- **What to do**
Take nothing but the lines from the one with "Hi, everyone. Welcome" through the one with "In the order" in the entries below, both ends kept, and return them exactly with pictures left out.

(Recorded data)
[Start of section]

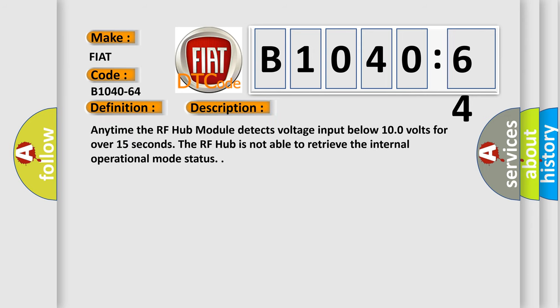Anytime the RF hub module detects voltage input below 10.0 volts for over 15 seconds, the RF hub is not able to retrieve the internal operational mode status.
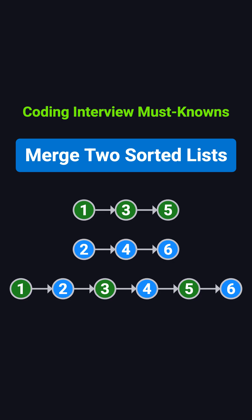Hi, everyone. Welcome back to the Must Know Coding Interview Problems series. Today, we're going to cover a classic: merging two sorted linked lists.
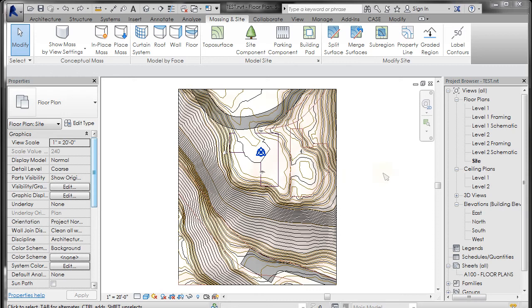All right, I want to go through split surface and building pad. Split surface works very similarly to the sub regions we just made, but it actually cuts the surface out of this piece.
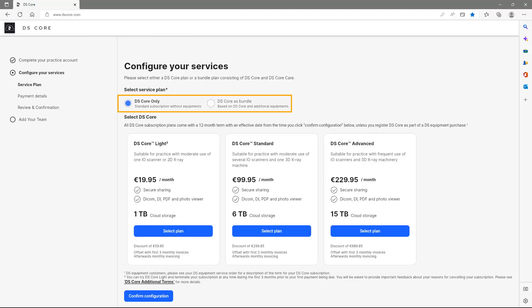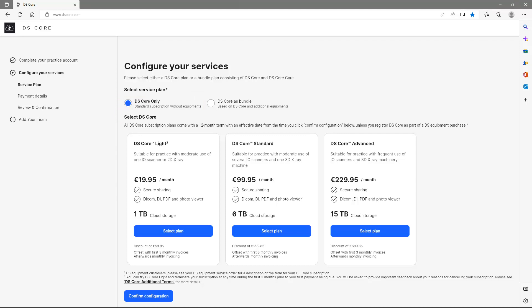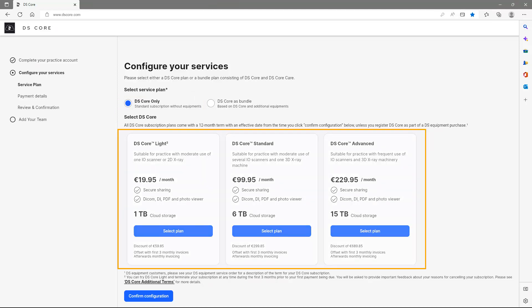Here, you select your service plan. Please choose the first option, DSCore only, in case you just want to set up an account. This is a standard subscription without equipment. Further information on the three options can be found below.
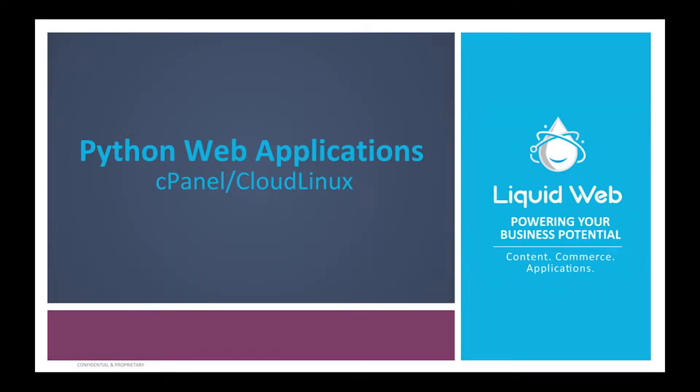Hello, my name is John from LiquiWeb. Today I'm going to show you how to run Python web applications with cPanel on Cloud Linux using the Python selector.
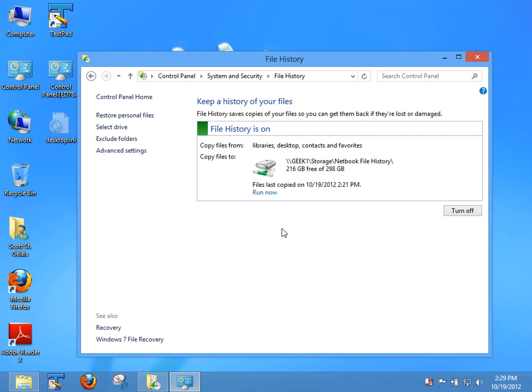So that's pretty much how you use file history in Windows 8. For more geek tips, go on over to GeeksInPhoenix.com and peruse our geek tips. We have them for Windows 8, Windows 7, Vista, XP. We've got some Android stuff there - all sorts of stuff. So when you get a chance, go on over to GeeksInPhoenix.com and peruse through the site.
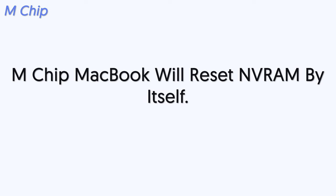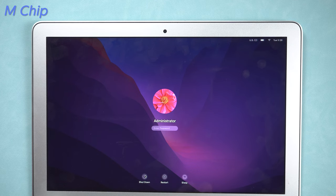For MacBook with M chip, if macOS detects it needs to reset, it will reset automatically during the startup process, so you don't need to reset it manually. You can shut it down and wait a few seconds before you turn it on.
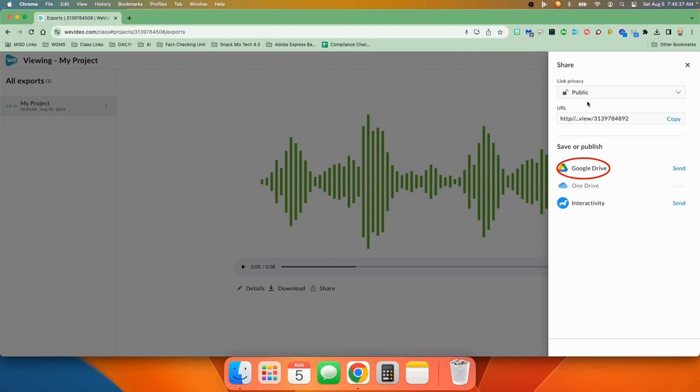First of all, you can decide whether to make it public or not. And here's the URL, but we are not going to use that URL. This is the URL to the WeVideo servers. We need to put it in our Google Drive. So we will just come down here to Google Drive and press send, and it will put it in your Google Drive in a folder called WeVideo.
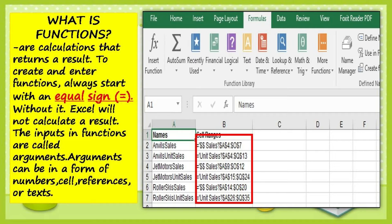Without it, Excel will not calculate a result. The inputs in functions are called arguments. Arguments can be in the form of numbers, cell references, or text.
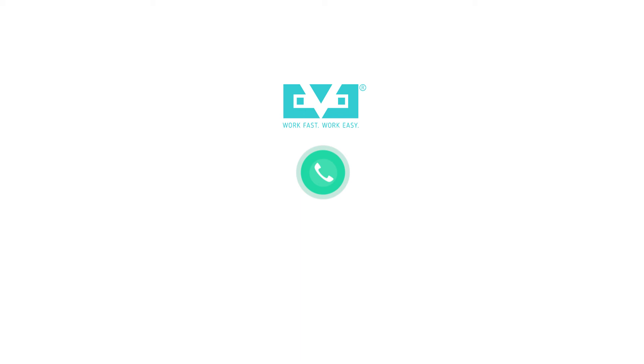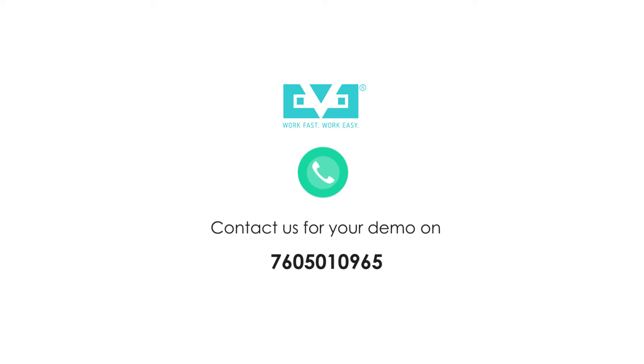Contact us for your demo on 7605010965. For more details, visit www.eve24hrs.com.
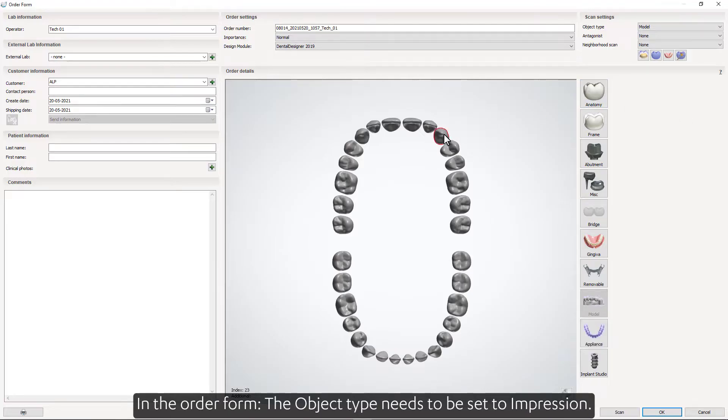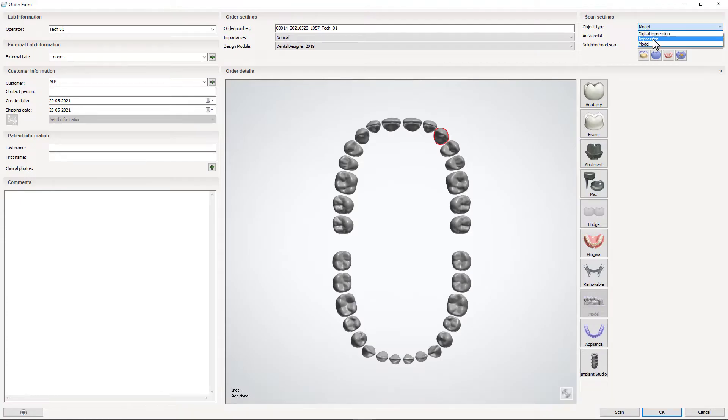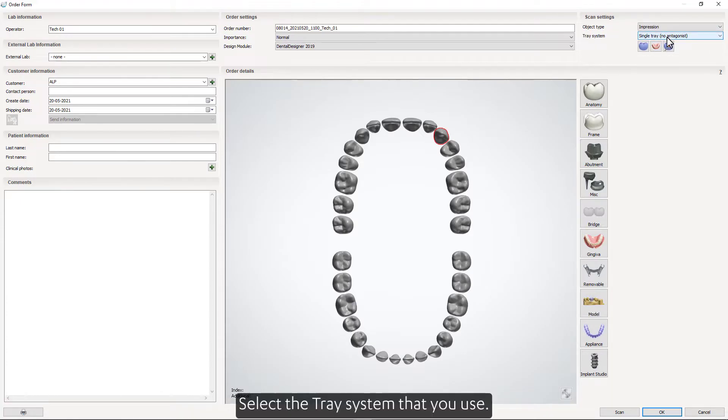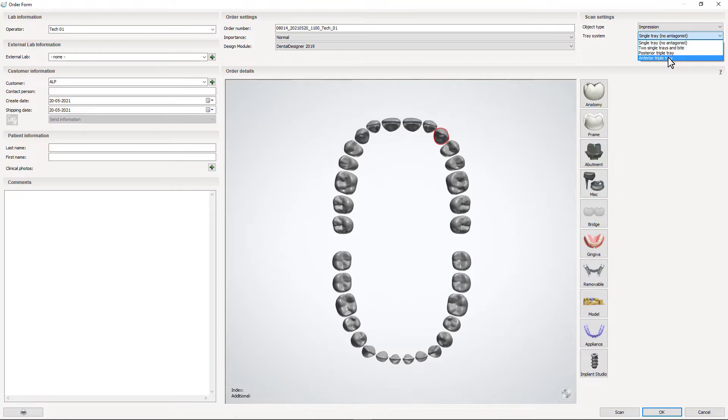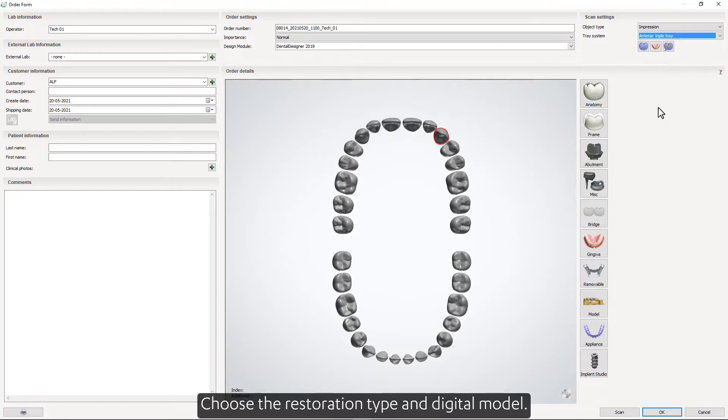In the order form, the object type needs to be set to Impression. Select the tray system that you use. Choose the restoration type and Digital Model.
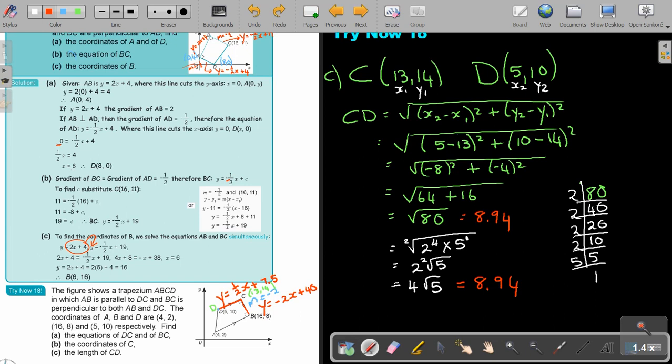In this last video on coordinate geometry, there are three formulas: the distance formula, the gradient formula, and the midpoint formula. With those three formulas, and knowing the properties of quadrilaterals and triangles, you can do coordinate geometry. Thank you.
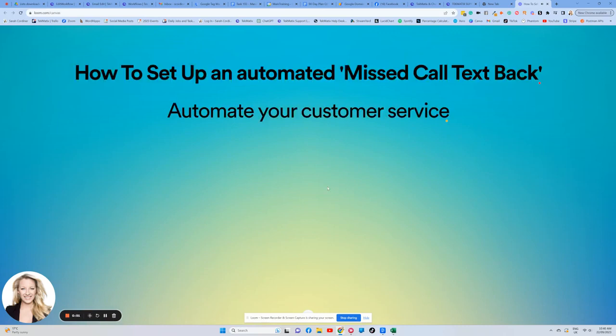What's up, techies? Here's how you can create an automated missed call text back.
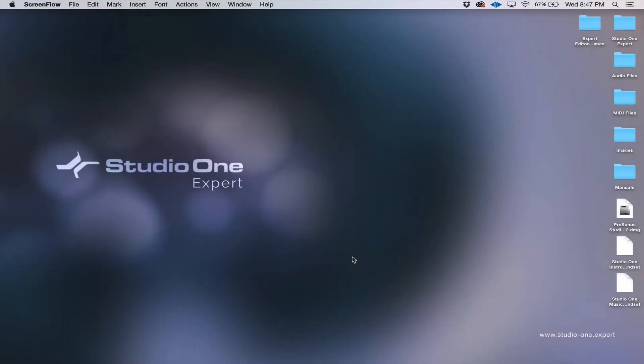Hi, this is Matt from Studio One Expert. I'm excited to welcome you to the very first tutorial in the Getting Started with Studio One series.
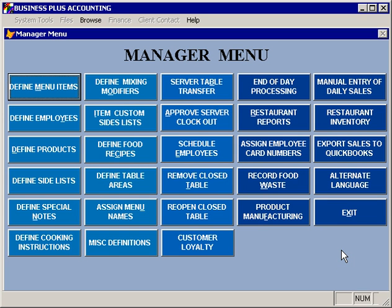One of the most difficult tasks to track in your business accounting software is inventory. Particularly in a restaurant environment, it can be very difficult to maintain an accurate inventory. As such, our software provides several tools to help you accurately keep track of your inventory and your costs.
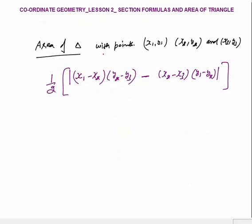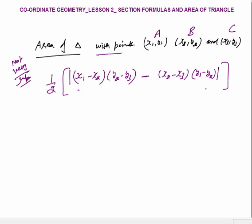The last concept of this lesson is the area of a triangle with 3 points. Given vertices A(X1,Y1), B(X2,Y2), and C(X3,Y3), there is a formula to calculate the area. You substitute the coordinate values, take the absolute value — even if a negative result comes, take it as positive — and divide by 2 to get the final answer. That was all about Coordinate Geometry lesson 2, covering section formulas and area of triangle. Thank you.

[End of section]

- **Output**
Hi, everyone. Welcome back to the Must Know Coding Interview Problems series. Today, we're going to cover a classic: merging two sorted linked lists.
All right, I want to go through split surface and building pad. Split surface works very similarly to the sub regions we just made, but it actually cuts the surface out of this piece.
Here, you select your service plan. Please choose the first option, DSCore only, in case you just want to set up an account. This is a standard subscription without equipment. Further information on the three options can be found below.
Hello, my name is John from LiquiWeb. Today I'm going to show you how to run Python web applications with cPanel on Cloud Linux using the Python selector.
So that's pretty much how you use file history in Windows 8. For more geek tips, go on over to GeeksInPhoenix.com and peruse our geek tips. We have them for Windows 8, Windows 7, Vista, XP. We've got some Android stuff there - all sorts of stuff. So when you get a chance, go on over to GeeksInPhoenix.com and peruse through the site.
For MacBook with M chip, if macOS detects it needs to reset, it will reset automatically during the startup process, so you don't need to reset it manually. You can shut it down and wait a few seconds before you turn it on.
First of all, you can decide whether to make it public or not. And here's the URL, but we are not going to use that URL. This is the URL to the WeVideo servers. We need to put it in our Google Drive. So we will just come down here to Google Drive and press send, and it will put it in your Google Drive in a folder called WeVideo.
Without it, Excel will not calculate a result. The inputs in functions are called arguments. Arguments can be in the form of numbers, cell references, or text.
Contact us for your demo on 7605010965. For more details, visit www.eve24hrs.com.
In the order form, the object type needs to be set to Impression. Select the tray system that you use. Choose the restoration type and Digital Model.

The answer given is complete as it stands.